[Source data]
____
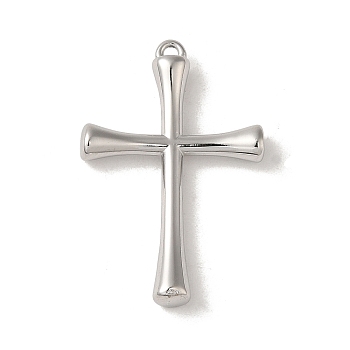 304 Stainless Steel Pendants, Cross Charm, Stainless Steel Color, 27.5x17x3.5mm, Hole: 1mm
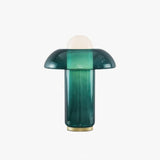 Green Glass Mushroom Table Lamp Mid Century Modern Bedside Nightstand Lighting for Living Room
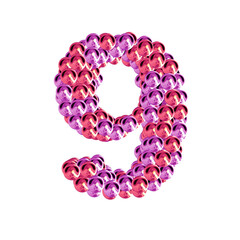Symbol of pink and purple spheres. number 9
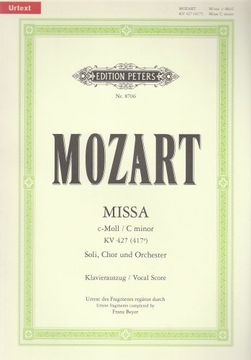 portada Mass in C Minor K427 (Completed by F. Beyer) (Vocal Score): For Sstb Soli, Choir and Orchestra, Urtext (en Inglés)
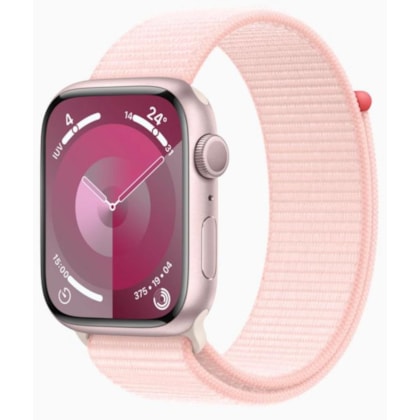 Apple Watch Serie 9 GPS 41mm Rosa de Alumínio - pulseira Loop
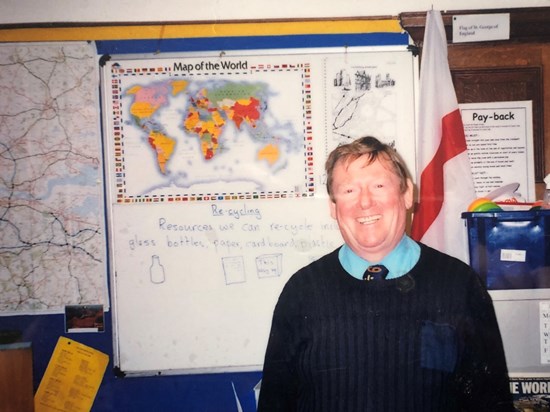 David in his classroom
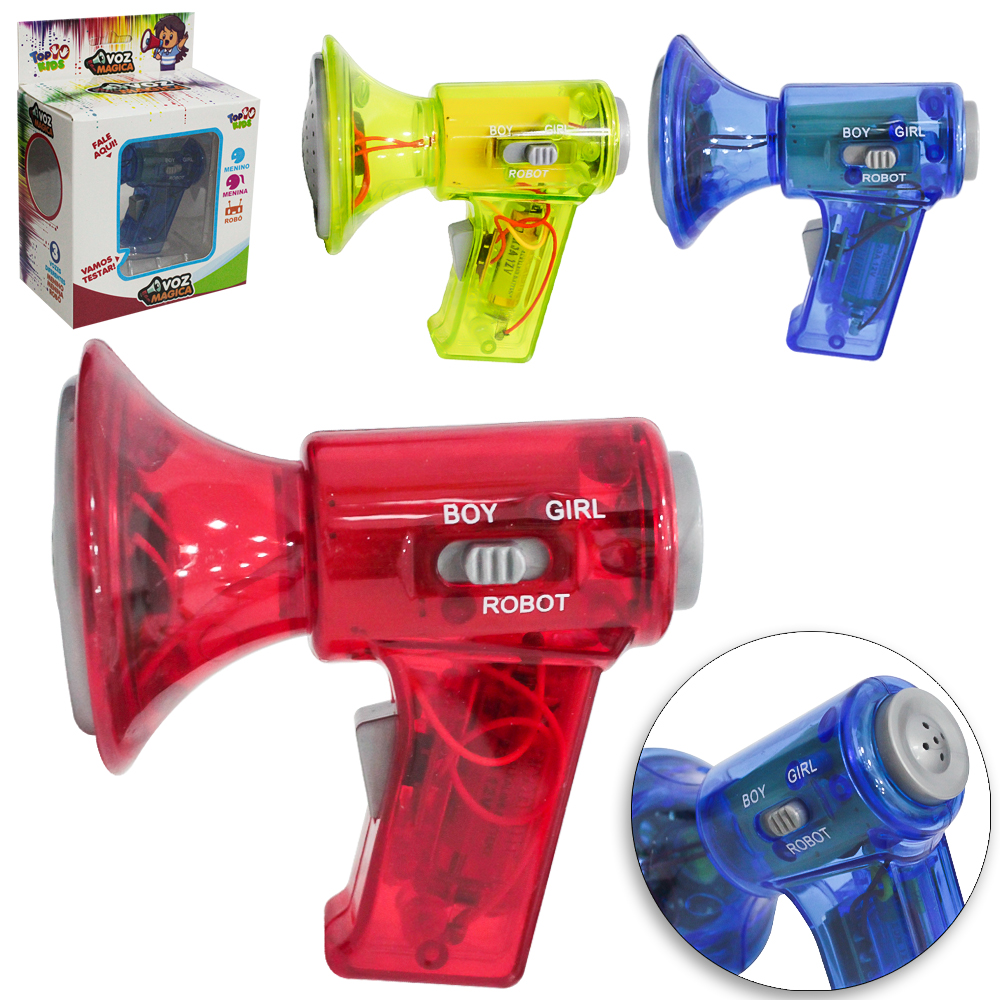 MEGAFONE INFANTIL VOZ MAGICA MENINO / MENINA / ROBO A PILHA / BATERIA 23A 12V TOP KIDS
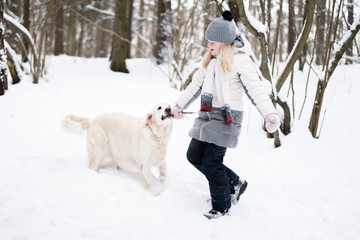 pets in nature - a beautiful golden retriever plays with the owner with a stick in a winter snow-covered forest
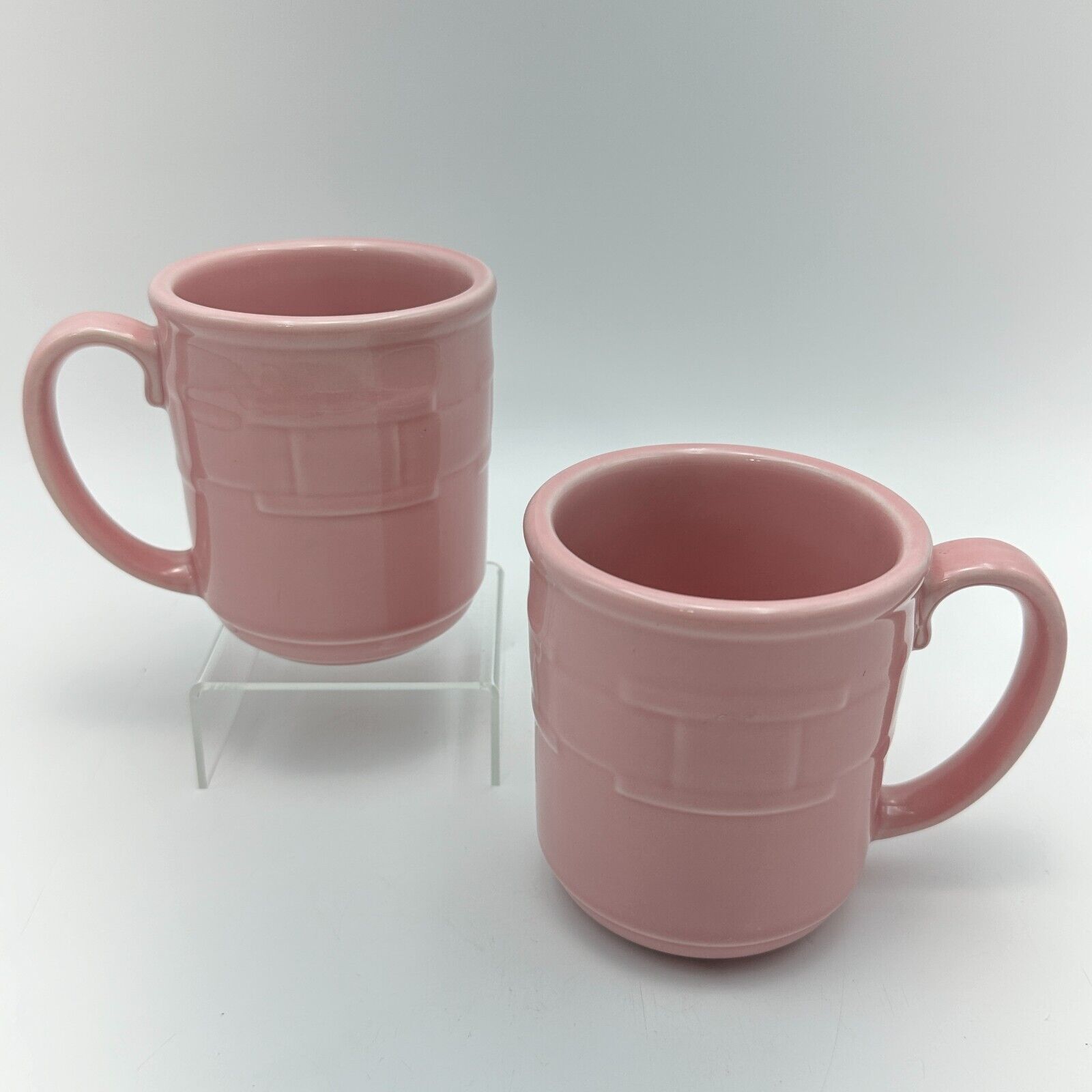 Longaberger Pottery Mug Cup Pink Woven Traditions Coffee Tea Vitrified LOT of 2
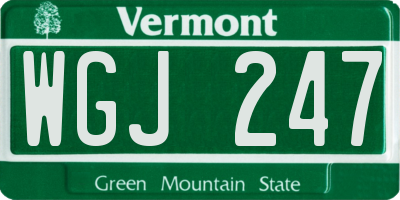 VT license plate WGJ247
____
Action item. Beginning with the first line of the records, write out every line up to and including the one with "David in his classroom", exactly, and omit all pictures.

Response to this exercise.
 304 Stainless Steel Pendants, Cross Charm, Stainless Steel Color, 27.5x17x3.5mm, Hole: 1mm
 Green Glass Mushroom Table Lamp Mid Century Modern Bedside Nightstand Lighting for Living Room
Symbol of pink and purple spheres. number 9
 portada Mass in C Minor K427 (Completed by F. Beyer) (Vocal Score): For Sstb Soli, Choir and Orchestra, Urtext (en Inglés)
 Apple Watch Serie 9 GPS 41mm Rosa de Alumínio - pulseira Loop
 David in his classroom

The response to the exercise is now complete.